Aquellos que venían al altar por la ley de
Moisés, no eran justificados de aprensiones del futuro; cuando cada adorador
regresaba a casa, después de todos los sacrificios de corderos, y carneros y
novillos, tenía miedo de morir. Pero quien confía en Jesús siente que, en lo
concerniente al futuro, está perfectamente seguro. “Ahora” –dice- “Dios ha
prometido salvar a quienes confían en Cristo. Yo en verdad confío en Cristo;
Dios ha de salvarme. Él está obligado a hacerlo, por Su justicia”. Sobre el
león de la justicia cabalga la hermosa doncella de la fe, y no tiene ningún
temor. En tanto que Dios sea justo, ningún discípulo de Jesús podría ser
destruido. ¿Qué pasa si la Justicia me acusara de ser un pecador? Yo
respondería: “Es cierto que lo soy, y sin embargo no soy alguien que debiera
ser sometido a juicio, pues todos los pecados me fueron quitados. Fueron
colocados sobre mi bendita Fianza. No me queda ni uno solo. Cristo ha sido
castigado por mi pecado; ¿acaso podrían ser castigados dos por una ofensa?

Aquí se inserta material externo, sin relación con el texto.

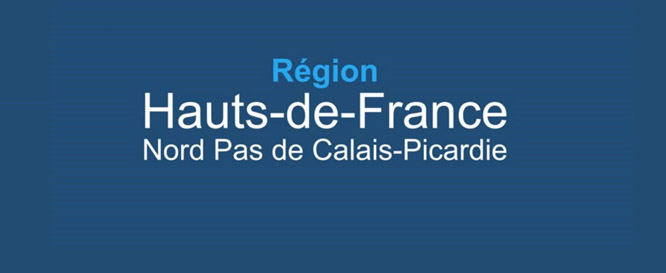 Réindustrialisation des Hauts-de-France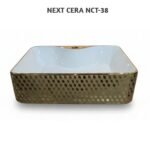 bathroom basin next cera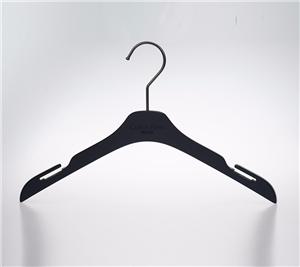 Quần áo Acrylic Hiển thị Đứng Hanger Đối với đồ lót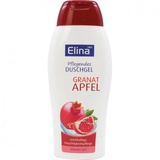 Elina-med Elina Med Dusche, Granatapfel, 250 ml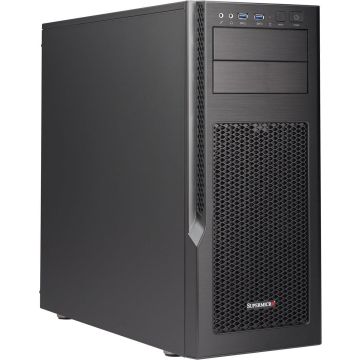 HPE ProLiant DL325 Gen11 AMD EPYC 9224 2.5GHz 24c 64GB-R 8SFF MR408i-o 2x480GB SATA SSD 2x1000W RPS EU Server (P77239-425) thumbnail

¿Habría de morir mi Sustituto, y también yo? ¿Seríamos condenados Cristo y yo
también, por la mismísima ofensa? Dios no es injusto como para castigar primero
al Sustituto y luego al hombre en cuyo lugar estuvo el Sustituto”. ¡Oh!, esto
es algo sobre lo que uno se puede apoyar. Esta es una almohada para una cabeza que
experimenta dolores; este es un bote seguro en el cual navegar en medio de las
tormentas de la vida y a través de los mares de la muerte. Jesucristo, en mi
lugar, derramó la sangre de Su corazón como la grandiosa Víctima de Dios fuera
de las puertas de la ciudad. Yo confío en Él. Confiando en Él, no puedo
perecer. Él ha jurado y no se arrepentirá. Por dos cosas inmutables, en las
cuales es imposible que Dios mienta, Él ha dado un sólido consuelo a quienes
huyen en busca de refugio hacia la esperanza puesta ante ellos en el Evangelio.

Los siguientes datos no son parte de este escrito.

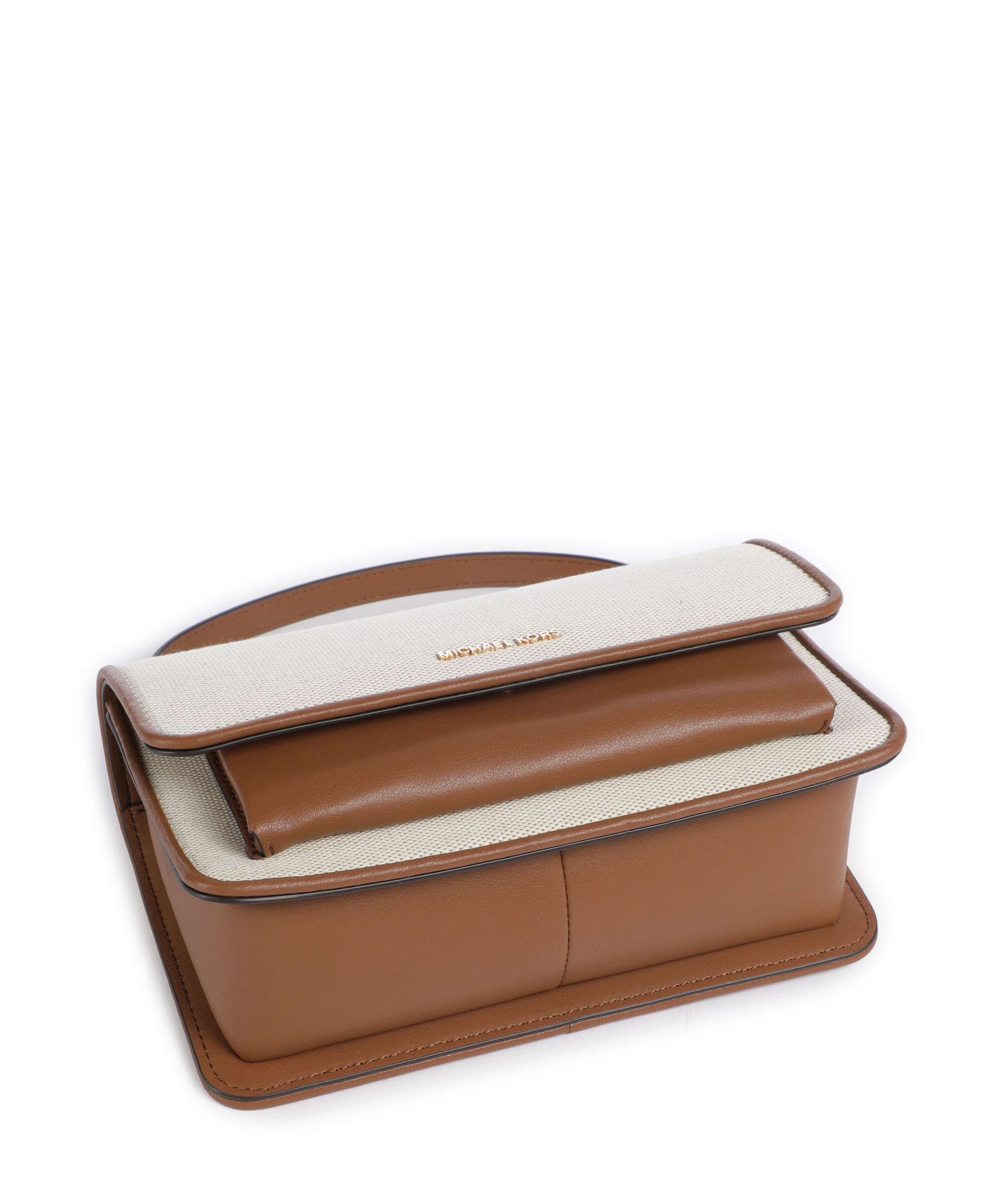 Michael Kors Claire Schoudertas luggage - Image 6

¡Oh, amados!, ciertamente podemos vivir sobre esta promesa, y morir sobre esta
promesa.
¡Quiera Dios que todos ustedes confíen en Él! Que
muchísimos de ustedes confíen en Él por primera vez ahora. La predicación de
este Evangelio es digna de confianza porque la promesa es digna de confianza. No
me avergüenzo del Evangelio de Cristo, porque es poder de Dios para salvación a
todo aquel que cree. ¿Crees tú? Di: “sí” o “no”, pues hay consecuencias que se
hacen presentes en cualquiera de los casos. Di: “sí” y dilo ahora. Amén.
Nota del
traductor:
Clangores: sonidos de la trompeta o del clarín.